PROBLEM TO SOLVE
Pictures appear among the records below and must be omitted. Repeat exactly the lines from the line with "We perform all" to the line with "The bacteria colonies", both included.

[Stored data entries]
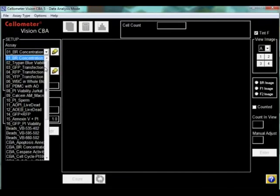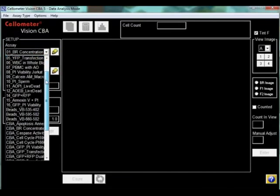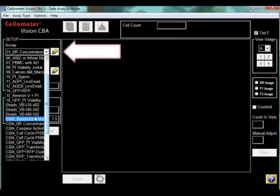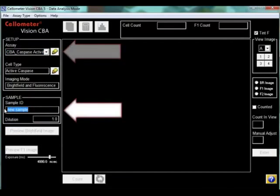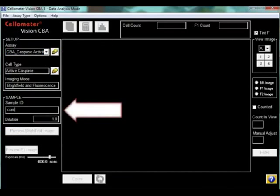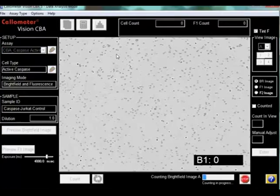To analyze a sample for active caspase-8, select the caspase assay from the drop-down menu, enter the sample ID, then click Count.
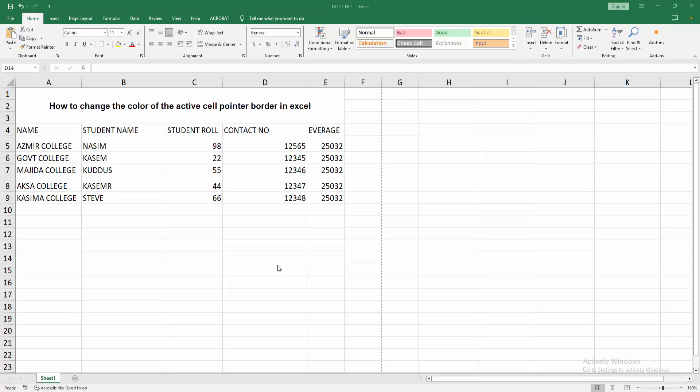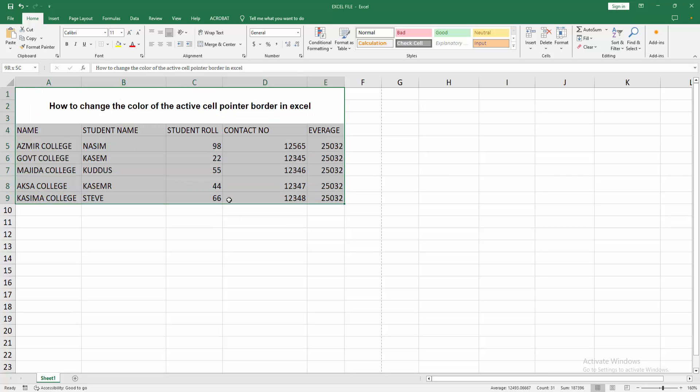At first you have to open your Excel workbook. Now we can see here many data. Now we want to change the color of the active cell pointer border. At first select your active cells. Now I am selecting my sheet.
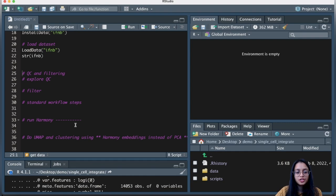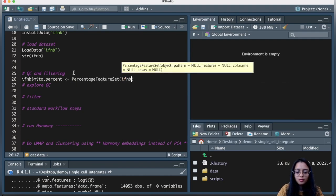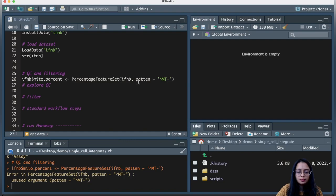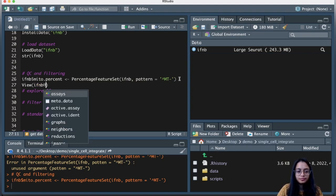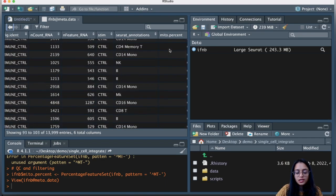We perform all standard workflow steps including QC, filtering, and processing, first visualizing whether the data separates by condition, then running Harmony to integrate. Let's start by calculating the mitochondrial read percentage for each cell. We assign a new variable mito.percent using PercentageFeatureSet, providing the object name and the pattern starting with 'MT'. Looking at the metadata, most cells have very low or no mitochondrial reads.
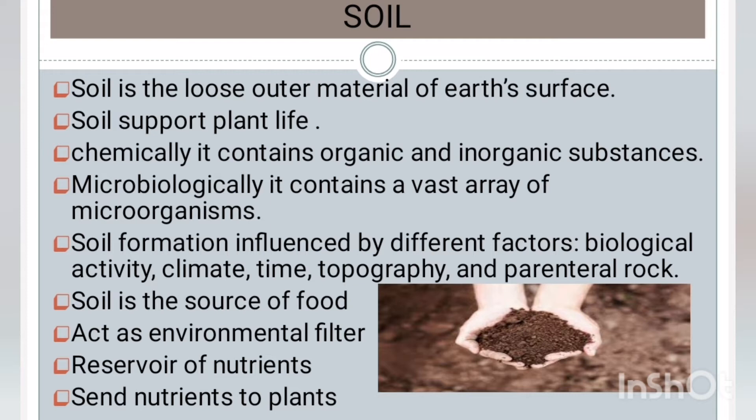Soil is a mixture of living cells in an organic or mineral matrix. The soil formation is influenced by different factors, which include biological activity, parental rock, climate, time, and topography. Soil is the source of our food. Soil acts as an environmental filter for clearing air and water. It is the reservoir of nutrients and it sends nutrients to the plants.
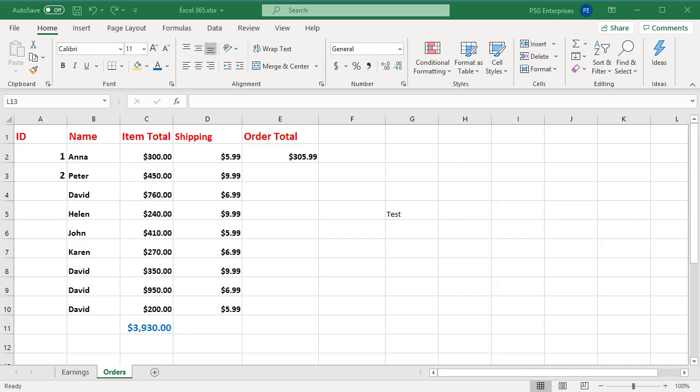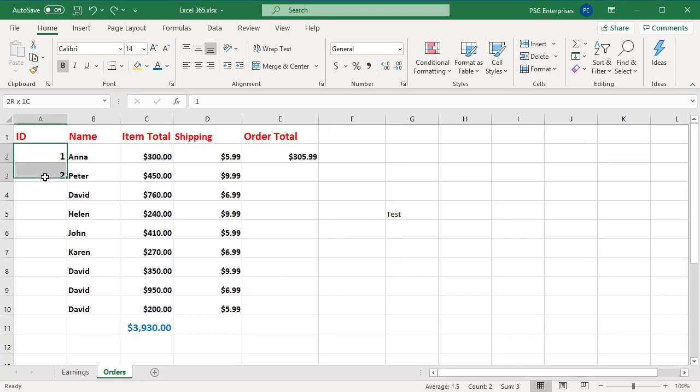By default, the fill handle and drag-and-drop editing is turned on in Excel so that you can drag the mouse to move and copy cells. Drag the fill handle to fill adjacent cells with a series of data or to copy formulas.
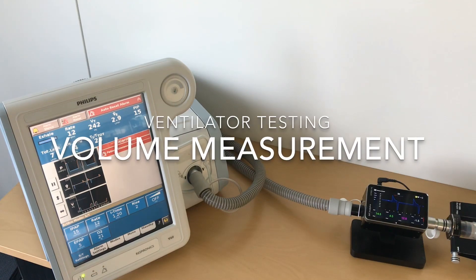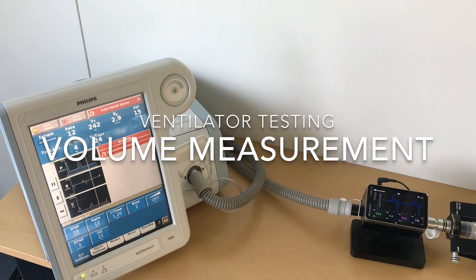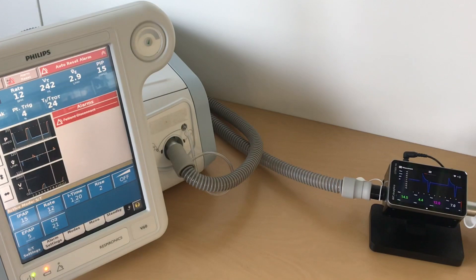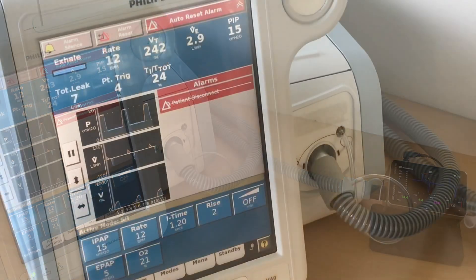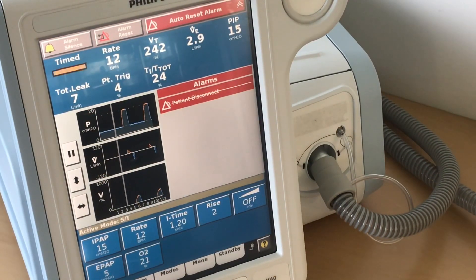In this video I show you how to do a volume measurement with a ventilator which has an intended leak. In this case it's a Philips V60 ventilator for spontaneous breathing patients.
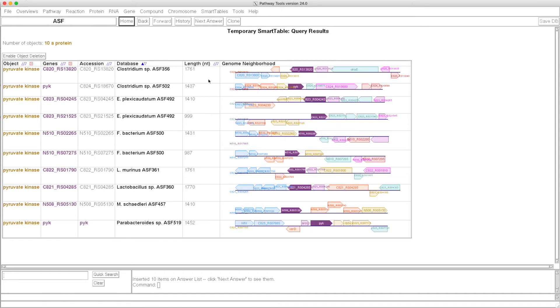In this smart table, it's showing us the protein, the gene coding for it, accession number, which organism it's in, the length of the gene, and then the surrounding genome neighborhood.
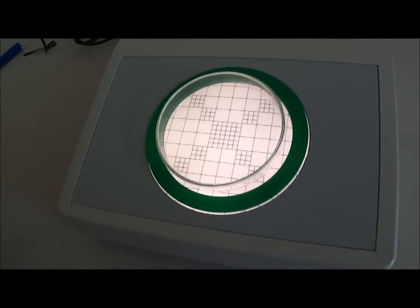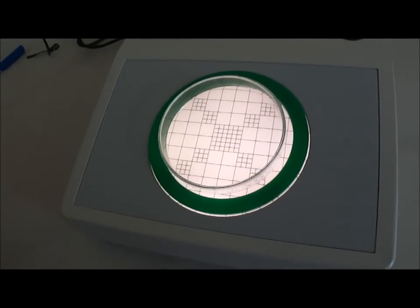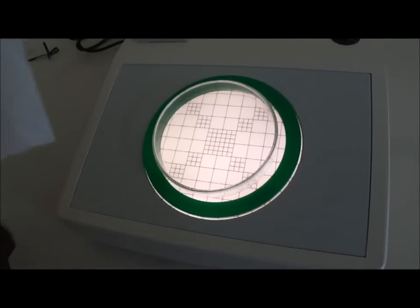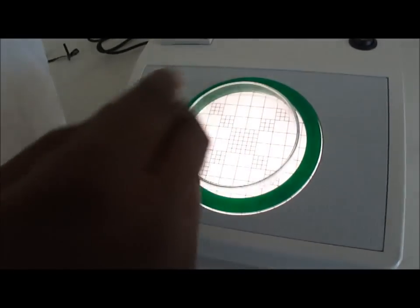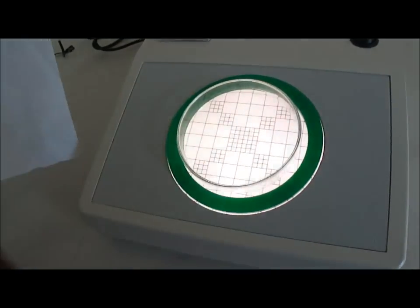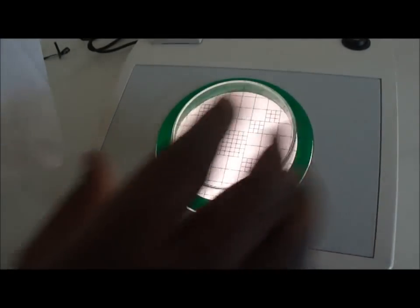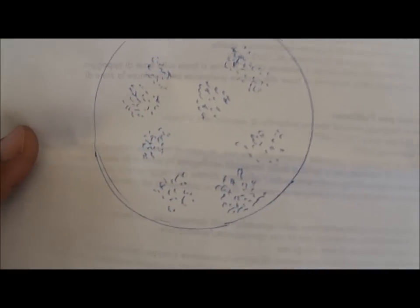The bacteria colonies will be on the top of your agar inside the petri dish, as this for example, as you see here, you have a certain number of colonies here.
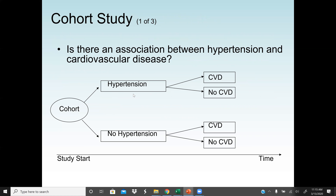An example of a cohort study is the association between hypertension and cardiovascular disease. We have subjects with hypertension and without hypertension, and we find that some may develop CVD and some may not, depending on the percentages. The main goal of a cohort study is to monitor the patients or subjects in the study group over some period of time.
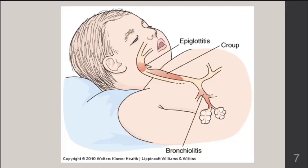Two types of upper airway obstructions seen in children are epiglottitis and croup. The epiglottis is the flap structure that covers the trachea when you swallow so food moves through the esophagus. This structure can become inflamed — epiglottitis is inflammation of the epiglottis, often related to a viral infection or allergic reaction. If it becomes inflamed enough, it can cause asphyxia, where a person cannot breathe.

RESPONSE TO THE EXERCISE
We perform all standard workflow steps including QC, filtering, and processing, first visualizing whether the data separates by condition, then running Harmony to integrate. Let's start by calculating the mitochondrial read percentage for each cell. We assign a new variable mito.percent using PercentageFeatureSet, providing the object name and the pattern starting with 'MT'. Looking at the metadata, most cells have very low or no mitochondrial reads.
Soil is a mixture of living cells in an organic or mineral matrix. The soil formation is influenced by different factors, which include biological activity, parental rock, climate, time, and topography. Soil is the source of our food. Soil acts as an environmental filter for clearing air and water. It is the reservoir of nutrients and it sends nutrients to the plants.
By default, the fill handle and drag-and-drop editing is turned on in Excel so that you can drag the mouse to move and copy cells. Drag the fill handle to fill adjacent cells with a series of data or to copy formulas.
In this video I show you how to do a volume measurement with a ventilator which has an intended leak. In this case it's a Philips V60 ventilator for spontaneous breathing patients.
In this smart table, it's showing us the protein, the gene coding for it, accession number, which organism it's in, the length of the gene, and then the surrounding genome neighborhood.
The bacteria colonies will be on the top of your agar inside the petri dish, as this for example, as you see here, you have a certain number of colonies here.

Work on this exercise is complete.